Hal ini terjadi pada motor saya sendiri. Ketika itu motor digeber pada kecepatan sekitar 80km/jam. Tiba-tiba ban belakang terasa sliding dan oleng. Feeling langsung mengatakan bahwa ban bocor. Untungnya tidak jauh dari situ ada tukang bengkel ban. Singkat cerita setelah diperiksa ditemukan paku yang udah bengkok nancep lumayan dalem. Ketika paku dicabut anehnya tuh ban langsung bolong….walahhhh kepribren??? koq jadi begini??. Tukang tambalnya juga bingung. Menurut bapaknya batikan ban masih dalam koq udah getas?!.. Tapi waktu itu saya sempet berpikir paling tukang bannya aja nih sembrono. Akhirnya diakalin dengan cara memberikan alas karet pada sisi dalam ban buat nutup lubang yang menganga (diameter sekitar 2mm). Itu terjadi sekitar 4 bulan yang lalu. Lain lagi cerita teman saya, bernama yusuf. Penunggang Athlete keluaran 2009 awal, lebih tua 1 bulan dibanding motor saya. Ketika pulang kerja 2 hari lalu, doi merasakan ban belakang perputaran roda belakang tidak rata. Karena bingung teman saya ini berhenti memeriksa bannya kuatir bocor,…tapi ternyata tidak. Perjalanan dilanjutkan hingga sampai dirumah. Karena takut ada yang kendor baut atau ketidak beresan lainnya langsung doi membawa motornya ketukang bengkel dekat rumah. Setelah diperiksa,…mekanik menemukan ban belakang doi bunting cukup besar. Heran sekali tentunya mengingat jarak tempuh motor yang masih sedikit (Jarak rumah doi sama kantor lumayan dekat). Indikator lain batikan ban yang masih dalam. Tiada jalan lain harus ganti ban baru tentunya….

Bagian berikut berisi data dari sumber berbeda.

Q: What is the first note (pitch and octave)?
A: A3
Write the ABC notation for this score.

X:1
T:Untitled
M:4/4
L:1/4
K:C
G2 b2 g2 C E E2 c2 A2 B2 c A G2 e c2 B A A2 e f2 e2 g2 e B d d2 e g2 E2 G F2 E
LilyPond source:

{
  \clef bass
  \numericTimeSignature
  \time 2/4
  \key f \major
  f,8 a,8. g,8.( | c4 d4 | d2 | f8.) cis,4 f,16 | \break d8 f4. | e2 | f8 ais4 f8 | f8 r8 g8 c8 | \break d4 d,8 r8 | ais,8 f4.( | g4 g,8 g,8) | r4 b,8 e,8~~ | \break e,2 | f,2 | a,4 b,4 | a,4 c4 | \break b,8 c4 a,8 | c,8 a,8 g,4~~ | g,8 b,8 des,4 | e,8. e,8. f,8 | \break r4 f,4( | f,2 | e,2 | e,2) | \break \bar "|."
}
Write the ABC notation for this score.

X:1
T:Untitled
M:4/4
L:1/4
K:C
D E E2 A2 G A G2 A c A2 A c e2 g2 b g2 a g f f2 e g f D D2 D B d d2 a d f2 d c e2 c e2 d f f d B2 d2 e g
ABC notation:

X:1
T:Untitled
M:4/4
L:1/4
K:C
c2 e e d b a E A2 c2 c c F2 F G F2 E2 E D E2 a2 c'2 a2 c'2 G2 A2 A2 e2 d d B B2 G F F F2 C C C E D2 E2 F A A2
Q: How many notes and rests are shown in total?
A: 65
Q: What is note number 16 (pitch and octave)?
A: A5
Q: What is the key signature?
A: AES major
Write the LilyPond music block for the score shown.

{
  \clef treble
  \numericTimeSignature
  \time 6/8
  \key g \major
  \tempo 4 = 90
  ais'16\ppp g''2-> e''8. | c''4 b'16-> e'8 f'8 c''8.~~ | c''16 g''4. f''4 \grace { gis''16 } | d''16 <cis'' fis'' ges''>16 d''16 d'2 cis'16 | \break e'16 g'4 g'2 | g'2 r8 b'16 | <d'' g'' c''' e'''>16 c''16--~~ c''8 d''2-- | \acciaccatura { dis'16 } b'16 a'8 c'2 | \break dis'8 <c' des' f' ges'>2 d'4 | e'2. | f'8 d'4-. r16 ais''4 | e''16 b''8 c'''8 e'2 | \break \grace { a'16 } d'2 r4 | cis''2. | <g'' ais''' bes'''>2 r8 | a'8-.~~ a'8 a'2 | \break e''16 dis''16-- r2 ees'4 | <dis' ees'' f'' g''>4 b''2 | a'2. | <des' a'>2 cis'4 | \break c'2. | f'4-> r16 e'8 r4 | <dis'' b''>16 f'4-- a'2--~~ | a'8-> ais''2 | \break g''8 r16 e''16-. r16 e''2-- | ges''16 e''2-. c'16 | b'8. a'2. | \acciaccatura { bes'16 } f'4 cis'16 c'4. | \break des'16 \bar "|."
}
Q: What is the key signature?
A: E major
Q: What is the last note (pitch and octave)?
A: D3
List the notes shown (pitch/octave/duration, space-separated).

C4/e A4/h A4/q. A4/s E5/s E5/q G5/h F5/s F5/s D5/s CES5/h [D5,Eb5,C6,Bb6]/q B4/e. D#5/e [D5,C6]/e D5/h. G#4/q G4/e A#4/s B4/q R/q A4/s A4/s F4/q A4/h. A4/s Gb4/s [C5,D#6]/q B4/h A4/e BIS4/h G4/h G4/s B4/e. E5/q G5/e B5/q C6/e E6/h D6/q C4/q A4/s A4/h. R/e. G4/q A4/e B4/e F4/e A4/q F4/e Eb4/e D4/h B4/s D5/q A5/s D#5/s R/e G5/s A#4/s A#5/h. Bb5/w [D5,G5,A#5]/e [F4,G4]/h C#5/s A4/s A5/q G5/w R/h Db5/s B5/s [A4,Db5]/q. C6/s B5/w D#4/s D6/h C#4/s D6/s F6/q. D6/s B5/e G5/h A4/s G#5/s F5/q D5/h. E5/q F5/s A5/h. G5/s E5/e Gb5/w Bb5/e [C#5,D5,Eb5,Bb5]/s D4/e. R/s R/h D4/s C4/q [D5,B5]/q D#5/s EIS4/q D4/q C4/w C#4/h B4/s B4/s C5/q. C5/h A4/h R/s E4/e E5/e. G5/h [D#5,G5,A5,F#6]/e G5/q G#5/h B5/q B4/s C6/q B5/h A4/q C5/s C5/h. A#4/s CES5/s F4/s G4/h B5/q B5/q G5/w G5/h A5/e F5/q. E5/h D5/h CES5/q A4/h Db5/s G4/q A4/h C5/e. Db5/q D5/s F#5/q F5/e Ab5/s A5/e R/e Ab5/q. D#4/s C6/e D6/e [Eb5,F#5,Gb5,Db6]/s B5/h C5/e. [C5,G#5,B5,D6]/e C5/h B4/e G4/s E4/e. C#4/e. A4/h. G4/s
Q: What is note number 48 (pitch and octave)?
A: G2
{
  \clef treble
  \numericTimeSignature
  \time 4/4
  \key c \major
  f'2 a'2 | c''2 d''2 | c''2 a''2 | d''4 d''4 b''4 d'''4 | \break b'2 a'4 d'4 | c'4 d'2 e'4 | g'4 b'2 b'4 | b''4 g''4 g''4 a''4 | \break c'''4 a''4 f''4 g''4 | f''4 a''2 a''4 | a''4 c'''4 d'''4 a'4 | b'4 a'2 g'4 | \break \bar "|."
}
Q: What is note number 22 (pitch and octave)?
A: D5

Walau semua kejadian diatas tidak bisa mewakili seluruh kualitas ban Kawasaki Athlete yang ada setidaknya bisa menjadi acuan, koq bisa menimpa saya dan teman saya (Dikantor hanya saya dan teman yang punya Athlete). Apakah faktor kebetulan belaka??….entahlah. Dalam hal ini sebenarnya kita tidak bisa menyalahkan total KMI. Yang patut disalahkan adalah pembuat ban (IRC). Padahal setahu saya IRC cukup kuat bannya. Malah ban bunting? banyak menimpa ban Mizzle daripada IRC. Dibalik kelemahan itu saya sebagai pemakai Athlete tetap merasa puas. Didunia ini memang tiada yang sempurna, ya nggak?! So brother…supaya lebih maksimal, disarankan mengganti ban standart dengan ban yang lebih bagus. Demi kenyamanan dan keamanan tentunya. (Iw/26/5/2010).